She bade them eat the horse to pass away the time while she rested, promising that on her awakening they should devour the knight. In the cave, however, Tidrich found the magic sword of Siegfried and two knives; and in spite of the threats of the young dragons, and the promises of the old one, he killed them all; but the old worm fell so as to choke the mouth of the cave, whereupon the friendly lion dug him out, and supplied the place of the slain steed by carrying him to Bern on his back.
So much for romance. History mentions a real Theodoric, son of Theudemir, and king of the Ostrogoths in Italy, from 475 to 527. He had been sent as a hostage to Constantinople, and there educated; and though he could not write his name, and had a stamp perforated with the letters Theod to enable him to sign his edicts, he was exceeding able, wise, and skilful, and Arian as he was, conciliated the love of the Catholics. Verona was his chief city, and is evidently the Bern of the romances. He lived too late for the historical Attila, who had died in 453; and though there is a report of a previous Theodoric, who meddled in a dissension between Attila’s sons, and took part in a great slaughter that lasted fifteen days, it is most likely that the original Theuderik was a mythical personage, after whom these historical princes were called, and who afterwards received the credit of some of their deeds, and was localized in the places of their dominion. It is in favour of this notion that Dietrich of Berne is one of the many titles of the wild huntsman, though the Lusatians corrupt him into Dietrich Bernhard, and the Low Countries into Dirk-mit-den-Beer, or with the beard. Indeed, Dirk, the Dutch form of Theodoric, was a half-mythical king of Holland.
It was a most universal name, Anglo-Saxon and Visigothic, as well as Frank and German; and two saints made it everywhere popular in the middle ages, though the Dutch at present chiefly use it.

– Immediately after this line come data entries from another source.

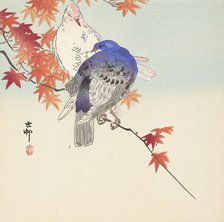 Two pigeons on autumnal branch. Creator: Ohara, Koson (1877-1945).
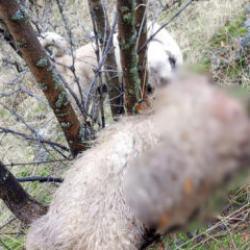Tunceli'de canavar saldırısı! 14 koyunun leşi bulundu 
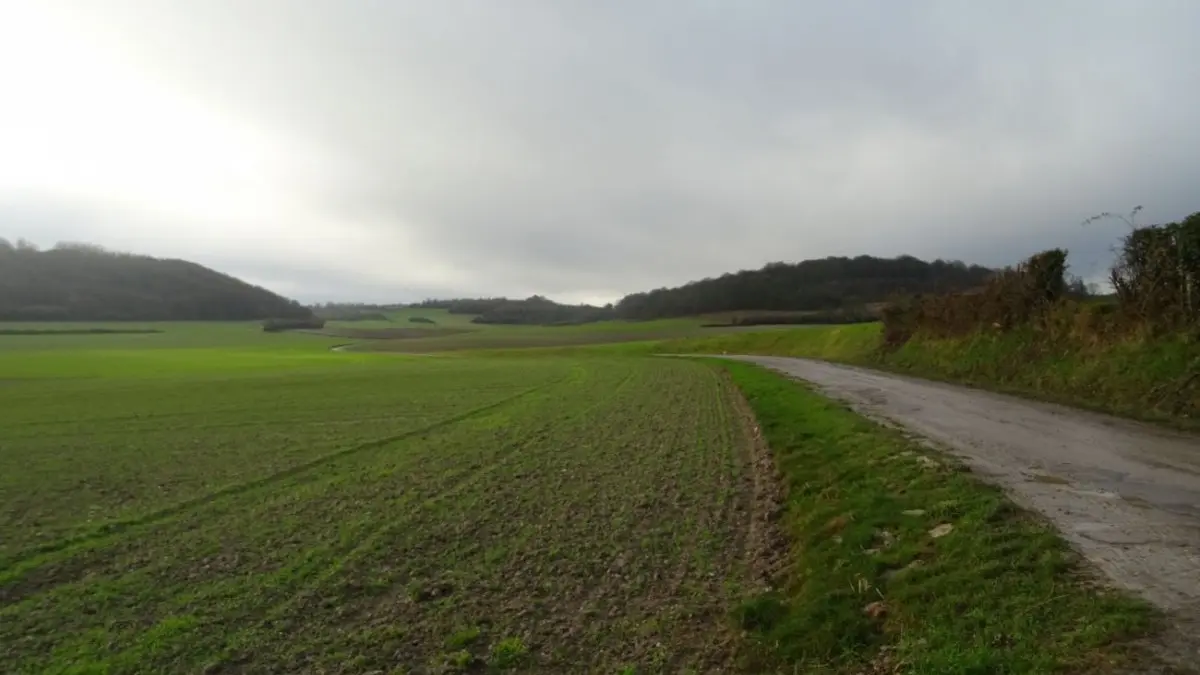 Le Mont Vert à Alquines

| English. | French. | Italian. | Span. and Port. |
| Theodric | Theodoric | Teodorico | Theodorico |
| Theodoric | Thierry | Dieterico | |
| Derrick | Thian | ||
| Terry | Thean | ||
| Tedric | |||
| (Domesday) | |||
| German. | Bavarian. | Frisian. | Danish. |
| Diotrich | Dietl | Tiaderik | Tjodrckr |
| Dietrich | Dutch. | Tiarik | Didhrikr |
| Diez | Diederik | Tiark | Theodrckr |
| Diether | Dierk | Tiado | Tidrich |
| Dirk | Tiaddo | Didrik | |
| Todo | Slovak. | ||
| Tade | Todorik | ||
| Tido | |||
| Tide | |||
| Dudde | |||
| Polish. | Bohemian. | Lettish. | Hungarian. |
| Dytrych | Detrich | Diriks | |
| Didschis | Ditrik | ||
| Tiz |
The name of Dietmar, the father of Theodoric, is to be found in many forms; in Theudemir, a Frank, who faithfully served Constantius; in an Ostrogothic Theodomir; Spanish, Theodomiro; and the modern Frisian, Thiadmar, Tiedmer, Tyeddemer, Tidmer. It means people’s greatness.
Dietleib, his friend, is rightly Ditlev; and in the North, Thjodleif, the people’s relic, or what is left to them. He, too, survives in constant Friesland, as Teallef, Taedlef, Tiadelef.
The chief favourite of this class is, however, the people’s prince, occurring both among the Frank and early Anglian kings, and belonging to two French hermits and one English archbishop. It took firm root in Provence, and has an aroma of crusades and courts of love surrounding it; and though it is not in Domesday, it and its contractions survive as English surnames; and in a Gloucestershire parish register of the eighteenth century, the feminine form occurs frequently in every variety of spelling; Tibelda, Tiballa, Tibotta, Tybal.
| English. | French. | Spanish. | Portuguese. |
| Theodebald | Theudobald | Theudebaldo | Theobaldo |
| Theobald | Thiebault | ||
| Tybalt | Thiebaud | ||
| Tibble | Tibaut | ||
| Dibble | |||
| Italian. | German. | Dutch. | Netherlands. |
| Teobaldo | Dietbold | Tibout | Dippolt |
| Tebaldo | Diephold |
The people’s wolf was canonized as a Frank hermit, who gets called St. Thiou. Our friend Theodolf, the Icelander, as Fouqué calls him, would have been in his own land Thjodolf, and the contraction is there Kjold, or Kjol, as Kjoil, or Kjoille, is for Thjodhild, the same as the Diuthilt of the Germans, and Theudhilda, a nun-sister of Clovis. St. Audard has undergone a still greater change; he was once archbishop of Narbonne, and called Theodhard, or ward, the Tiard of Friesland, and Thjodvar, or Kjovar, in the North.